Amendment No. 401A would allow a conviction for, say, the Clause 9 offence of sexual activity with a child only if a reasonable person,

    "of the same gender, sexuality, age and ethnic, social and cultural background",

as the defendant could be conjured up in the mind of the jury to say that the touching was sexual. That really is going too far.

Amendment No. 401 in the name of the noble Lord, Lord Thomas of Gresford, replaces the concept of a reasonable person with that of the right-minded person. I am not familiar with the phrase "right-minded person" but the courts are very familiar with the phrase "a reasonable person" and, in my book, that should stand.

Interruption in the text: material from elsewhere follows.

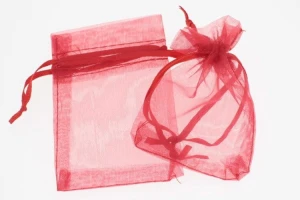 Red jewelry pouch 10x7 cm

I shall be interested to hear what the Minister has to say about Amendment No. 402. I do not want to see the words "at least" removed from the clause, as the amendment suggests, but it will be interesting to hear what the noble and learned Lord says will be the effect. I suspect that the words help to ensure that activity which has an additional purpose or a pretext is not excused. For example, if a gym coach holds an athlete in a particular posture and uses the occasion to touch the person improperly, I trust the wording makes it more difficult for the coach to argue that the sexual touching was merely incidental and therefore not criminal.

I shall be interested in the Minister's reply. Just as judges in court need the wisdom of Solomon, I suspect that the noble and learned Lord will need it in responding to this debate.